### Problem requirements
Using the records below, write out only the lines from the line containing "FILA Disruptor II Trainers - Black" up to and including the line containing "Armani Exchange Armani", exactly, with no pictures.

### Dataset extract
★ ★ ★ ★ ★
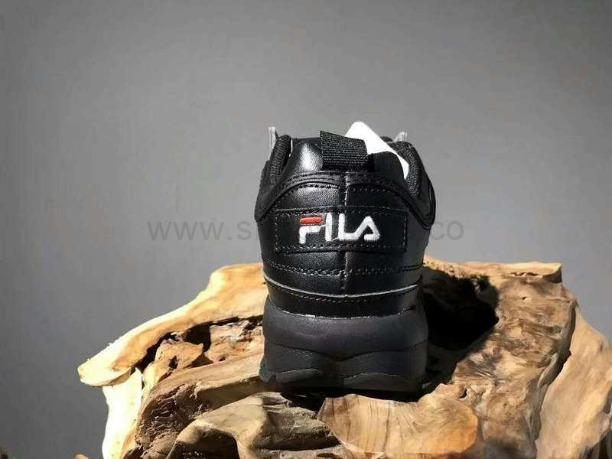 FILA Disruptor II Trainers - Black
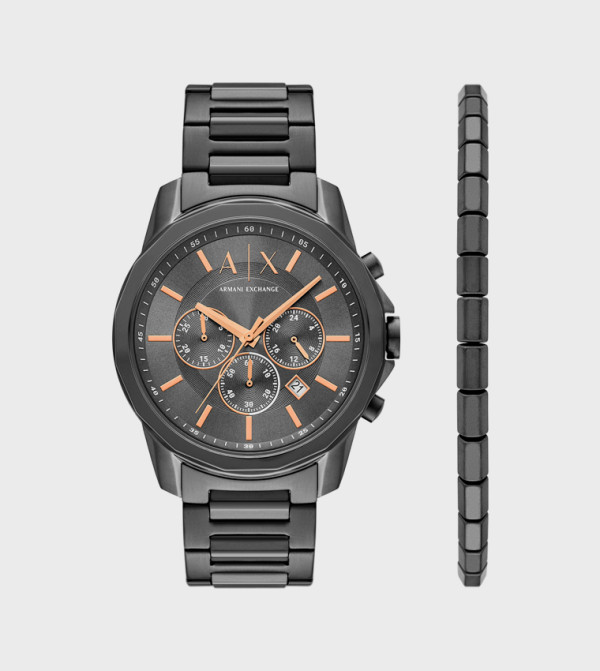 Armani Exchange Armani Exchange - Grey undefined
★ ★ ★ ★ ★
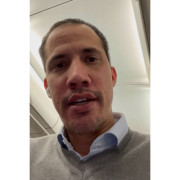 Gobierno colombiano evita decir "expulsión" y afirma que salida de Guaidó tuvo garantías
★ ★ ★ ★ ★
### Exercise solution
 FILA Disruptor II Trainers - Black
 Armani Exchange Armani Exchange - Grey undefined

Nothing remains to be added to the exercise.